We are left to wonder, Who is telling the truth?  Or more cynically, Is anyone telling the truth?

Truth and lies are hard to sort out.

Parents know this.  A fight erupts from two children.  Mom and Dad put on their “Judge robe,” and sit at the bench.  We hear the stories, and they are usually in conflict with each other.  Wishing we had the wisdom of Solomon, we pray for insight before we have to slam the gavel down and offer a verdict on the “TRUTH.”

This happens in our homes.  It happens in our political world.  And it happens in the church.

Today’s passage speaks to this.  Truth vs.
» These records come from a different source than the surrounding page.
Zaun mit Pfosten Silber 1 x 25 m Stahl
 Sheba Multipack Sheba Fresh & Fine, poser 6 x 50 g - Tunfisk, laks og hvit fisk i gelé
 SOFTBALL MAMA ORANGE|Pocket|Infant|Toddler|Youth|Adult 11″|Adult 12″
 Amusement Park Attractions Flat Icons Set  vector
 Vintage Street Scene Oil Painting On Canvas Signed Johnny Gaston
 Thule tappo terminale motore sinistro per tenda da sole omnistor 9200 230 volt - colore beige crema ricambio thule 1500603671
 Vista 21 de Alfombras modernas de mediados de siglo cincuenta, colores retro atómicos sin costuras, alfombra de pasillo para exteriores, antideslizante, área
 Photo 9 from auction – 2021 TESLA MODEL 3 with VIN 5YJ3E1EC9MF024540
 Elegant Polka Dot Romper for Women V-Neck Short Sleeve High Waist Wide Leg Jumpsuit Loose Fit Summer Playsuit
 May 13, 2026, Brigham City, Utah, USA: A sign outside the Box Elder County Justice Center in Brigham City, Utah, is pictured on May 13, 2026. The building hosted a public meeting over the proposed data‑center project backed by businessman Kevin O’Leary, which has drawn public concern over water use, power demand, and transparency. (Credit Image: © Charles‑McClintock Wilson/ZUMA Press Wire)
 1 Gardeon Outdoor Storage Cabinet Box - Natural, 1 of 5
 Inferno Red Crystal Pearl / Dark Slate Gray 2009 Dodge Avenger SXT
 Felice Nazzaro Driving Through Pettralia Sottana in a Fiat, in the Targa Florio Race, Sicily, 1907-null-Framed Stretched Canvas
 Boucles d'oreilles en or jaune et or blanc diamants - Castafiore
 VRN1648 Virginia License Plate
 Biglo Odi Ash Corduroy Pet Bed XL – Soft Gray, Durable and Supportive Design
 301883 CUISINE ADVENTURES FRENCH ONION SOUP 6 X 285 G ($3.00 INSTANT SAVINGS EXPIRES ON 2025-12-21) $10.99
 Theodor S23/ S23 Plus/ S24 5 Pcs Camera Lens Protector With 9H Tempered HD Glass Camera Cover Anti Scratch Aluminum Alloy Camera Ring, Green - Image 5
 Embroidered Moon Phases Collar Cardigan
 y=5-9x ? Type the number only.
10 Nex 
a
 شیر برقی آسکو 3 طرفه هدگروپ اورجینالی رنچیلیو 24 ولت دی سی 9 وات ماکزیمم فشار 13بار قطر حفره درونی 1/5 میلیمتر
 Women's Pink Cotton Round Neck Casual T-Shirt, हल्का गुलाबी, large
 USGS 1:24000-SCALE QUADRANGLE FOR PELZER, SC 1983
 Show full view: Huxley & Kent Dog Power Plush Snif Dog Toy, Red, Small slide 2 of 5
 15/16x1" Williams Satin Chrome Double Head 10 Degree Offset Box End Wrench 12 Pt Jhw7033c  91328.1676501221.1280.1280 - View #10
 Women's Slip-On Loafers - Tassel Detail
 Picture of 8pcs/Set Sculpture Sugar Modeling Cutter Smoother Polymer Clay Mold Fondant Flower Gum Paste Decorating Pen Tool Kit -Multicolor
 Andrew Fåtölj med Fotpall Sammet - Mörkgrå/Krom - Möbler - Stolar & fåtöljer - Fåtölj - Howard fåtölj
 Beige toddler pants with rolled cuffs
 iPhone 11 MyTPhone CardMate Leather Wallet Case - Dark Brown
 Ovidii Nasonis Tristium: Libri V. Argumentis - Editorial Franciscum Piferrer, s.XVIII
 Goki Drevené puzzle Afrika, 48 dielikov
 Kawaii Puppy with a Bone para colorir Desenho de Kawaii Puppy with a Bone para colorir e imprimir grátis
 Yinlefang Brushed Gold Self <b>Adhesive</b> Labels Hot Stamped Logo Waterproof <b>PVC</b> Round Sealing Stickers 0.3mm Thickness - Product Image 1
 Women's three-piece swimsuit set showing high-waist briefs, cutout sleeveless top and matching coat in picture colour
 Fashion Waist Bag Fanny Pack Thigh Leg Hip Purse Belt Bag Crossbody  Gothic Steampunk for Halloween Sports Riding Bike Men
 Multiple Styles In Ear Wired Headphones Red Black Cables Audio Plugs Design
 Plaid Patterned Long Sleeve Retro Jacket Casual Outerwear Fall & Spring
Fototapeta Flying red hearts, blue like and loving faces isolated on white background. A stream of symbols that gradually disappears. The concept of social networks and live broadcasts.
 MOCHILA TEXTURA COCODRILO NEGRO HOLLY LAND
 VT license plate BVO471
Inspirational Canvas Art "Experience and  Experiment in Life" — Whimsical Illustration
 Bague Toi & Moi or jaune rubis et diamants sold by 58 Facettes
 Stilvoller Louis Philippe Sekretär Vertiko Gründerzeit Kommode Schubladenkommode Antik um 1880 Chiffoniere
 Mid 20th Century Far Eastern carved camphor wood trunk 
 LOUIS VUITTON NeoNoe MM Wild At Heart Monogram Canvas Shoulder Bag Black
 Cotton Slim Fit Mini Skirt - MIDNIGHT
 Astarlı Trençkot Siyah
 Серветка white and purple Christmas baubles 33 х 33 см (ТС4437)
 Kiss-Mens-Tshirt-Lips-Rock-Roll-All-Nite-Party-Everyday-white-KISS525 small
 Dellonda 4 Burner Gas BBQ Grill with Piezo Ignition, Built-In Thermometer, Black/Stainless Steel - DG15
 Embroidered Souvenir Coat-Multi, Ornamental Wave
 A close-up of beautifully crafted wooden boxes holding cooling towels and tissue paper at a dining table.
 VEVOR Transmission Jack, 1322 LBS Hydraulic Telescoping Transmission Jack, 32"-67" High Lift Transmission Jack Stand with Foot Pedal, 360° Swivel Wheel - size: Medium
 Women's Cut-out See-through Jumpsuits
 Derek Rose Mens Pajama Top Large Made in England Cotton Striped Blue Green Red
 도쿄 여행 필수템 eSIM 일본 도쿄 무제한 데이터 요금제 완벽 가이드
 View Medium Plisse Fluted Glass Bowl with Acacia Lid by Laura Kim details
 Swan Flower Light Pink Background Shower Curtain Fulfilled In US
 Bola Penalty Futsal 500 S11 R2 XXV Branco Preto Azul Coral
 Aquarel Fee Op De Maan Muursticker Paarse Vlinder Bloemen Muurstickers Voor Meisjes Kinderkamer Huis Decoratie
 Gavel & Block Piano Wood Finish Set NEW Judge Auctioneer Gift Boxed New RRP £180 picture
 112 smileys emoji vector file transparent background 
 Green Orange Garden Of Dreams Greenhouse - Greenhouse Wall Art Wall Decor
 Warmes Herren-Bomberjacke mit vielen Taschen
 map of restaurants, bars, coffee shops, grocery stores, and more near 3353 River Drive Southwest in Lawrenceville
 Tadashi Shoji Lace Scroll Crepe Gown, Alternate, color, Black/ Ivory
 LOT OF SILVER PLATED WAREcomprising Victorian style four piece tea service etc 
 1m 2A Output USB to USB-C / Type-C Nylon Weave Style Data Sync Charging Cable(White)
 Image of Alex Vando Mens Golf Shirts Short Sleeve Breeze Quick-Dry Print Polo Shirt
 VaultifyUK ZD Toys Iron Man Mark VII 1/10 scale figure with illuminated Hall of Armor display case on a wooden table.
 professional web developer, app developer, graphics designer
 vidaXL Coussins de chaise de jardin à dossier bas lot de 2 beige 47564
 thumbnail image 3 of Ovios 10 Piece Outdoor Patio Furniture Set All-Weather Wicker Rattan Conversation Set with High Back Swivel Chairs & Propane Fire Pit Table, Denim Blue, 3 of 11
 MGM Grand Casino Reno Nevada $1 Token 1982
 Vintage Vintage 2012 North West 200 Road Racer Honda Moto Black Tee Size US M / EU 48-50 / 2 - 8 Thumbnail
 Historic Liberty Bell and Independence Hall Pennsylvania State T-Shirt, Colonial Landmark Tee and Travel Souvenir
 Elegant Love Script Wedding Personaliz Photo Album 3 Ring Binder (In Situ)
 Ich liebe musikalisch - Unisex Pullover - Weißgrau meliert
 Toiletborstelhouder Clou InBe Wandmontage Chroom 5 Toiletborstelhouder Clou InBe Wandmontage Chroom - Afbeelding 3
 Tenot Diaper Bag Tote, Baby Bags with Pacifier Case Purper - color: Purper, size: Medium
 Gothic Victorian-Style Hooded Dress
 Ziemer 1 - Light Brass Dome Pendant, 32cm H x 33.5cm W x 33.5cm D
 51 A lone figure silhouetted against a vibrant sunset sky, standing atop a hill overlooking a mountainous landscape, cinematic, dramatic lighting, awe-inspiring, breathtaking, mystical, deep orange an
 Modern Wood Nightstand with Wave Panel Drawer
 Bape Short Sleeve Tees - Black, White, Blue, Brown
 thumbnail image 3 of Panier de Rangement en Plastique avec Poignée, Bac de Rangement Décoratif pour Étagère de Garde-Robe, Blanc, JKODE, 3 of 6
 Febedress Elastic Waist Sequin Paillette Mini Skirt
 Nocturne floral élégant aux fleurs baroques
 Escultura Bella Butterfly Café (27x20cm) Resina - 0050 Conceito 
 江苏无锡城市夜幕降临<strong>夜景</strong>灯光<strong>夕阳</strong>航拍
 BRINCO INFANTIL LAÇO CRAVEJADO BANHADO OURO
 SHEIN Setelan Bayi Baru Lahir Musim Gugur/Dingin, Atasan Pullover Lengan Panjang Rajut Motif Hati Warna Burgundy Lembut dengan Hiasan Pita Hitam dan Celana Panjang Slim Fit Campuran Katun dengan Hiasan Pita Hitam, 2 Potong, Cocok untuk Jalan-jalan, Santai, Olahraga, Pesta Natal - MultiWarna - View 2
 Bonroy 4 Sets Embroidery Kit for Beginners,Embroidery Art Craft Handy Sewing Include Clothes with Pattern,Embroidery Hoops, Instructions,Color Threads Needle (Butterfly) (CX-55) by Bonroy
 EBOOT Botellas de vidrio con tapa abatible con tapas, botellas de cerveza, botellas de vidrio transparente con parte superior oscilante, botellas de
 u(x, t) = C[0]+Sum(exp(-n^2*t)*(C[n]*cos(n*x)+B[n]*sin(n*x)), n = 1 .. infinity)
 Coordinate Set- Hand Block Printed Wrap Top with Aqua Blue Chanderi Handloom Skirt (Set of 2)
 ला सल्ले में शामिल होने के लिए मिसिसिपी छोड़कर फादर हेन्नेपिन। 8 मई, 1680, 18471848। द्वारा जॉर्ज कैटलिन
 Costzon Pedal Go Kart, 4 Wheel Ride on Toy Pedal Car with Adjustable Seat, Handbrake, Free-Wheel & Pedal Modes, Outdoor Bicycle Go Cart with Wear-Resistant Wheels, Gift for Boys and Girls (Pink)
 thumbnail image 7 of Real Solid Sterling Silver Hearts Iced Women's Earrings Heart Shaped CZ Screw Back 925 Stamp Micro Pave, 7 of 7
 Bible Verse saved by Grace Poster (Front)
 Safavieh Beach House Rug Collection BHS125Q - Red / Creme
Lies.  With an emphasis on the lies.  What is true about God?  What is true about the gospel of Jesus Christ, the good news that offers hope for eternal life?  What is true about the conduct that our Savior calls us to walk in?

We will see—at least indirectly— that what we believe is shown by how we live.

Bad theology leads to bad “live-ology.”  Bad conduct.  Good theology leads to good conduct.

And the converse is also true:  How we live—our conduct—affects what we believe.  There is a circular effect to this. 

Also, when I say “theology,” I don’t merely mean what we know about.  It’s a level deeper than mere head knowledge.  When I say “theology,” I mean what we actually believe.  In other words, what we believe about God and his Son, Jesus Christ, direct correlates to how we walk as Christians.

2 Peter 1

Open your Bibles to the Apostle Peter’s 2nd letter, called “2nd Peter.”  It is near the end of the NT.  A short letter.

The first part of Chapter 1 that Matt covered last week is very deep and very rich.  Among other things, it is a call to know Jesus intimately and to walk in godliness.  And God, through his gospel, has given us what we need to do that.

Today we’ll continue in the letter where Matt left off last Sunday. 

In the rest of Chapter 1, Peter assures us that the gospel he preaches is heaven-sent.  It is not something man invented.

1:16–21 (ESV)

16For we did not follow cleverly devised myths when we made known to you the power and coming of our Lord Jesus Christ, but we were eyewitnesses of his majesty.

17For when he received honor and glory from God the Father, and the voice was borne to him by the Majestic Glory, “This is my beloved Son, with whom I am well pleased,”

18we ourselves heard this very voice borne from heaven, for we were with him on the holy mountain.

19And we have the prophetic word more fully confirmed, to which you will do well to pay attention as to a lamp shining in a dark place, until the day dawns and the morning star rises in your hearts,

20knowing this first of all, that no prophecy of Scripture comes from someone’s own interpretation.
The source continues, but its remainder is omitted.